= The Necromican =

The Necromican is a 1979 role-playing game supplement published by Fantasy Art Enterprises.

==Contents==
The Necromican is a supplement in which a collection of 132 spells is introduced, designed for use in fantasy role-playing systems.

The Necromican is a spellbook supplement designed to provide an array of unconventional magical spells. The book offers a diverse selection of magical effects tailored for a wide range of character classes—including Mages, Clerics, Druids, Illusionists, and more. Some spells lean toward the eccentric, but the majority are crafted with applications that encourage tactical ingenuity, and the book offers spells that can be repurposed or reinterpreted in unexpected ways. It also includes illustrations that help visualize spell effects and areas of impact.

==Publication history==
The Necromican was written by Erol Otus, Mathias Genser, and Paul Reiche III and published by Fantasy Art Enterprises in 1979 as a digest-sized 60-page book. They designed this supplement as well as Booty and the Beasts while they were still in high school.
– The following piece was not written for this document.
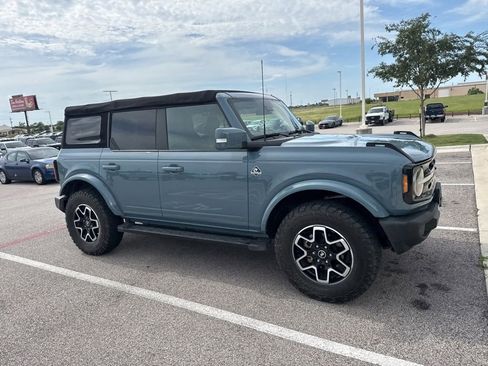 Used 2022 Ford Bronco Outer Banks AWD/4WD image 6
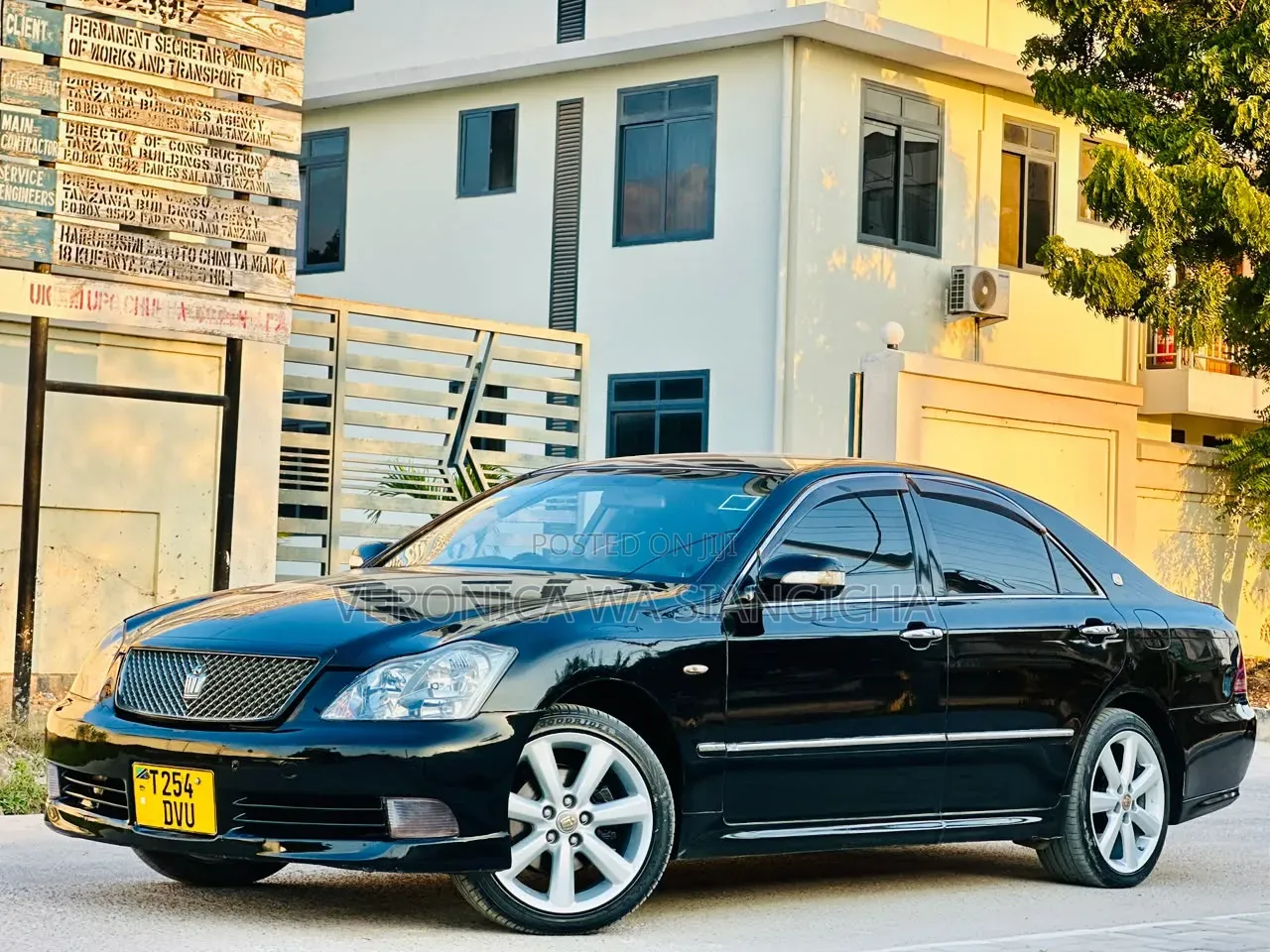 Toyota Crown 2006 Black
Shannon Appelcline commented how "Otus didn't work on Hargrave's books after The Arduin Grimoire (and his art was removed from later printings of that first book), but he did go on to co-author two of his own Arduin-influenced 'generic fantasy' RPG supplements, Booty and the Beasts (1979) and The Necromican (1979), both published by super small press Fantasy Art Enterprises. This company was located in the hills north of the UC Berkeley campus, continuing to highlight the gaming and creativity of the San Francisco Bay Area in the late '70s. Most consider Fantasy Art's books even more gonzo than Arduin itself."

==Reception==
Clayton Miner reviewed The Necromican for Pegasus magazine and stated that "This is definitely a product that judge and players will find interesting and somewhat amusing. The long term value of new material in a world makes this item well worth the purchase price."

Lawrence Schick commented that "Many are quite bizarre and/or humorous, for example, 'Rotate Body Parts,' which 'causes the target's body parts to change position in a random fashion.' We need more spells like this."